Study: diluting high concentration electrolytes can improve cycling of Li-metal batteries over a wide range of temperatures
Researchers from DGIST (Gyeongbuk Institute of Science and Technology, Republic of Korea) have demonstrated lithium metal battery cycling over a wide range of temperatures (2-60°C) by adopting a new dilution technique for high concentration electrolytes. Insights from the study, published in Chemical Engineering Journal, could prove useful for development of batteries for electric vehicles.
The research team led by Prof Hongkyung Lee and Hochun Lee investigated the impact of high concentration electrolyte (HCE) dilution on lithium metal battery (LMB) cycling over a wide temperature. The study showed that dilution of HCE significantly improves Li+ ion transport at lower temperatures and thermal stability of the solid-electrolyte interface at higher temperatures, thereby increasing the cycling performance of LMBs.

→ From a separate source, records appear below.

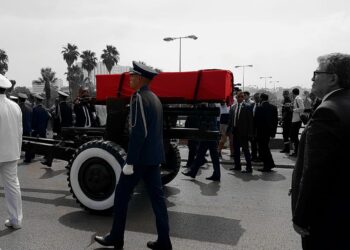 L’Amiral Akrout : "Pour une fois, les politiciens ne sont pas intervenus"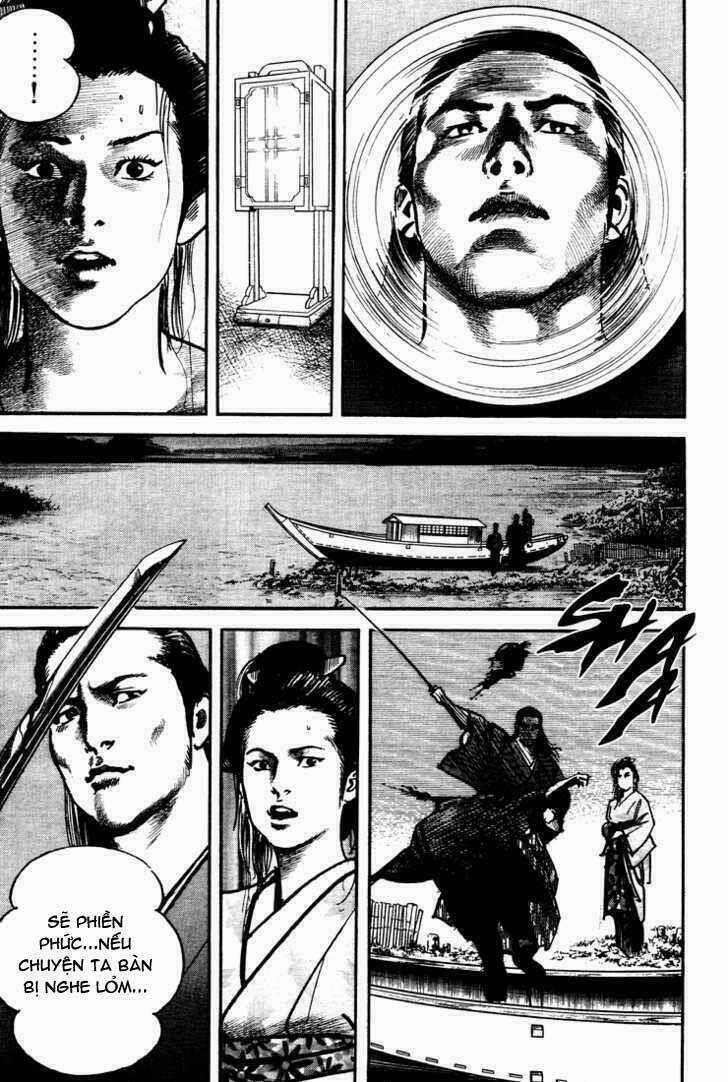 Bestia Chapter 3 trang 32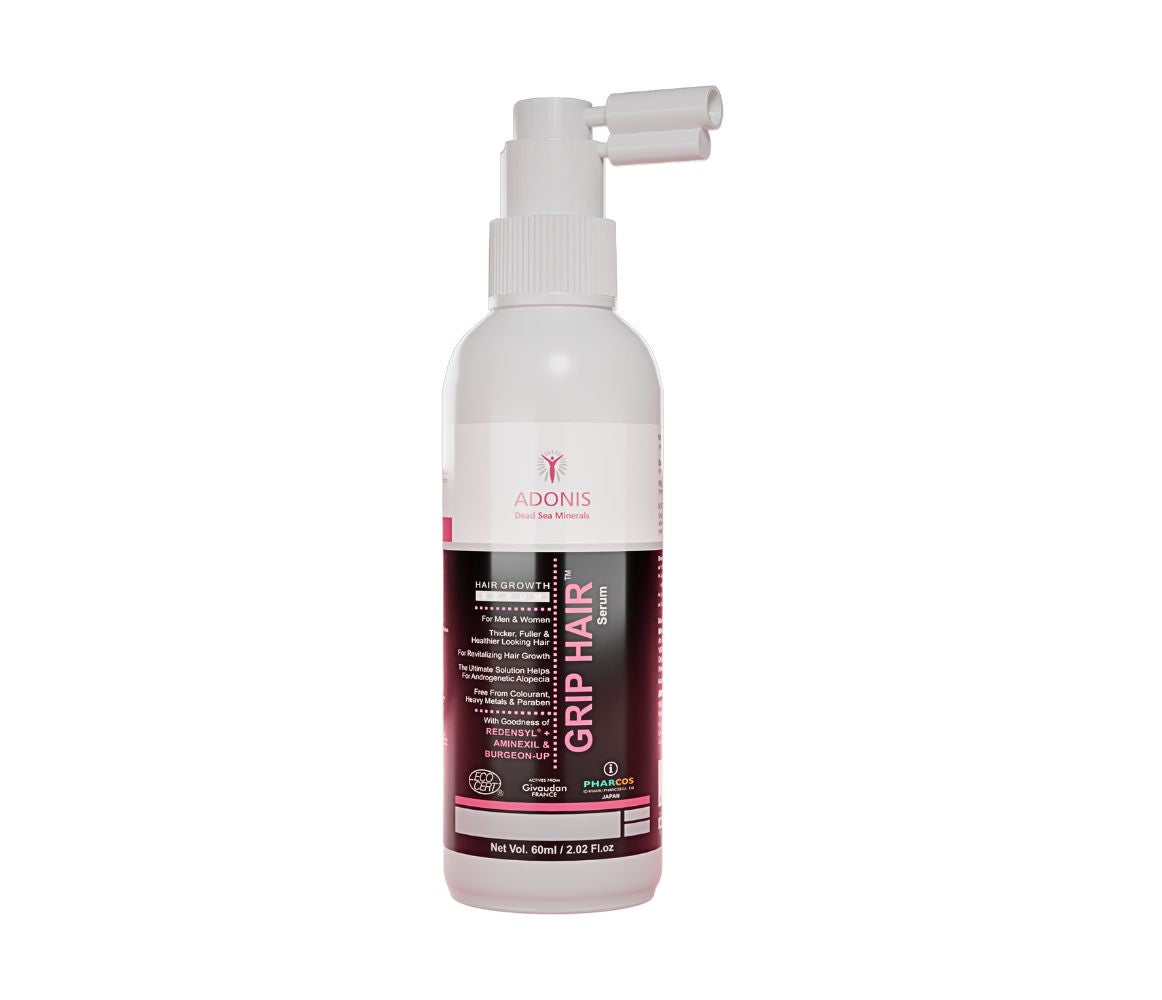Adonis Grip Hair Serum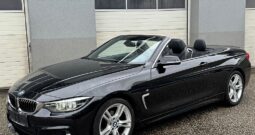BMW 420i Cabrio M Sport Aut.
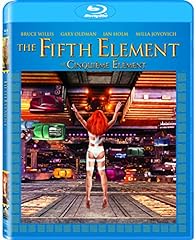 Fifth element region for sale  Delivered anywhere in UK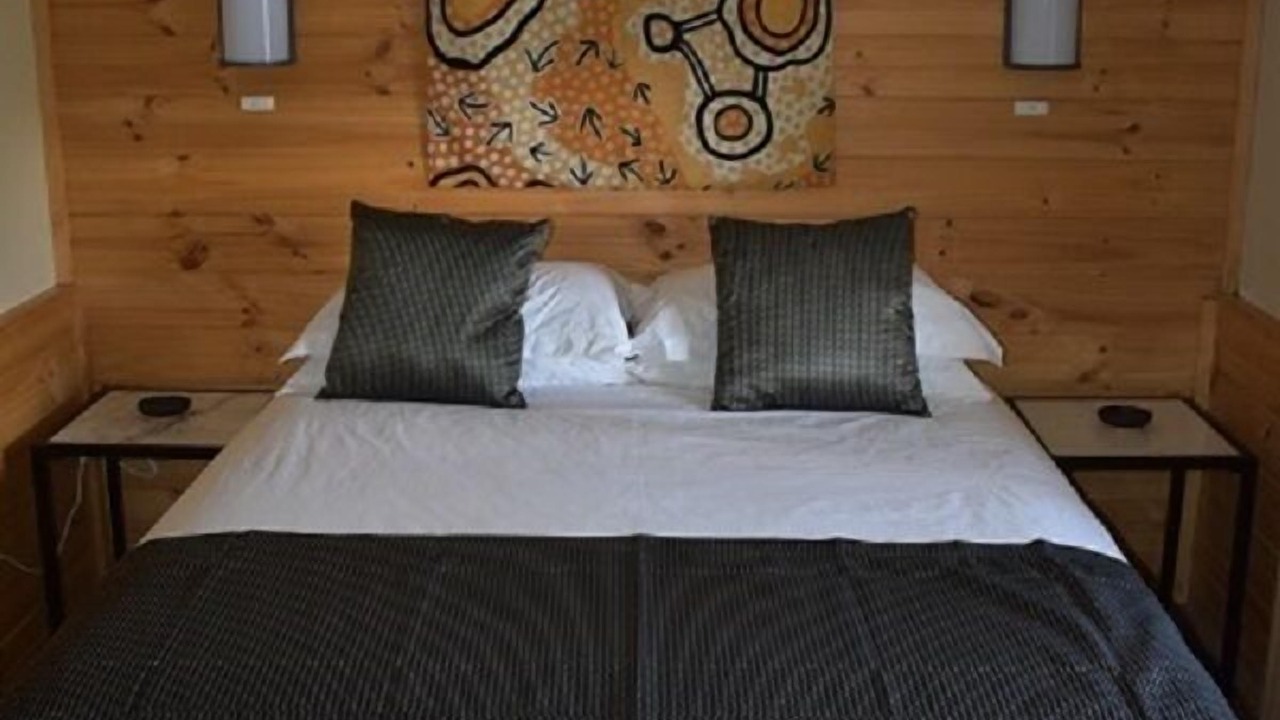 Photo of Bedroom in Falls Creek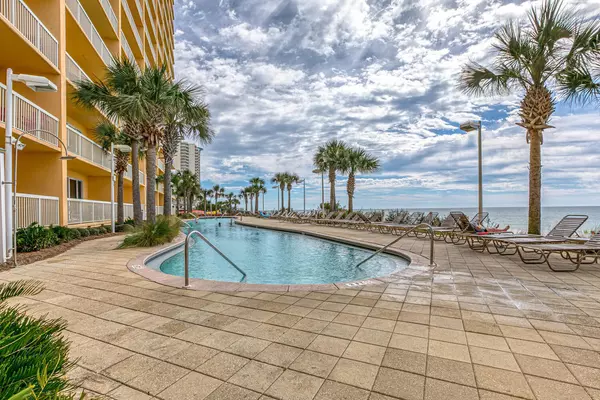 Panama City Beach, FL 32413,15817 Front Beach Road  #UNIT 2-304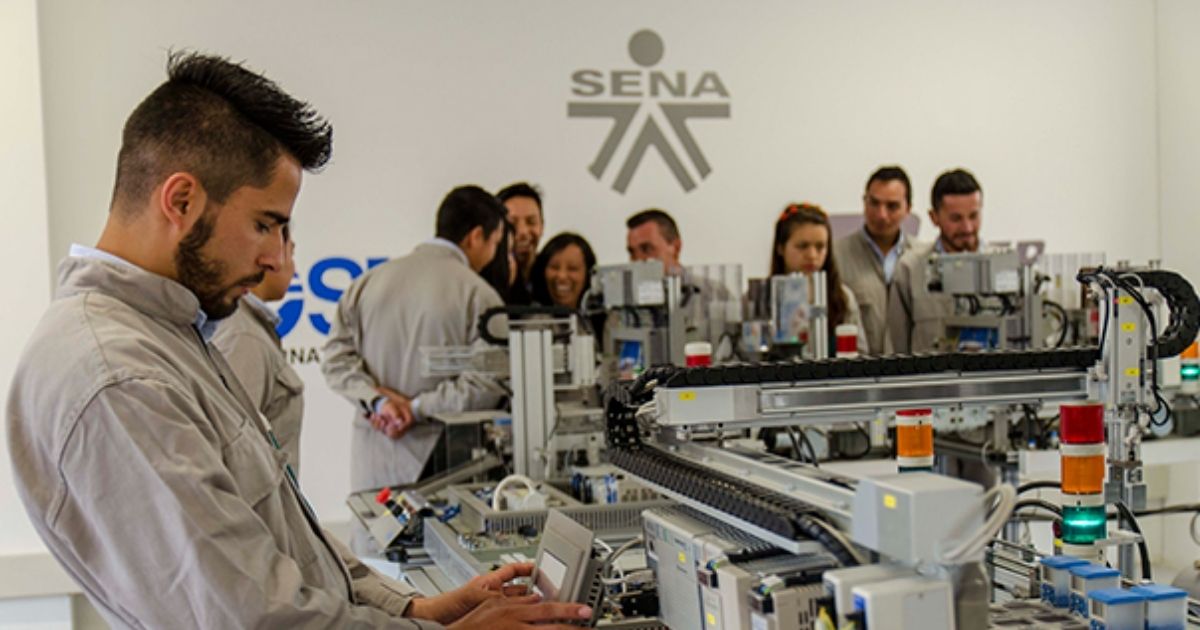 ¿Existe una edad máxima para estudiar en el SENA? esta es la verdad y cuáles son los requisitos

Li-metal batteries (LMBs) have very high energy density and require a fraction of time to charge when compared to their Li-ion counterparts. However, they suffer from low current efficiency, poor cyclability and are prone to Li-dendrite formation. Scientists have found that using high salt concentration electrolytes (HCE) diluted with ether-based solvents can address these problems and improve performance. However, a proper understanding of how HCE dilution affects the working of LMBs over a wide range of working temperatures is still a lingering question.

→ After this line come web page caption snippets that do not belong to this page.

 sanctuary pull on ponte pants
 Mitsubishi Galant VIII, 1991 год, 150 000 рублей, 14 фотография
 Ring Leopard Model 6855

The electrolyte-deterministic interfacial stability is a crucial concern for securing battery performances. This work provides a rational strategy for diluting high-concentration electrolytes to stabilize a highly reactive Li surface. The findings in this study can offer the clues to design electrolyte microstructure, identify its fundamental impact on the interfacial stability over a wide temperature range, and contribute toward stable cycling of Li-metal batteries in practice.—Prof Hongkyung Lee
HCEs are often viscous and diluting them can increase the ion migration within the cell and improve wetting of electrodes. The team adopted a new HCE dilution technique that allowed them to demonstrate good LMB cycling performance at temperatures between 2–60°C. The study conducted a comparative electrochemical analysis of a model HCE well as an HCE diluted with 1,1,2,2-tetrafluoroethyl 2,2,3,3-tetrafluoropropyl ether (TTE).
Park et al.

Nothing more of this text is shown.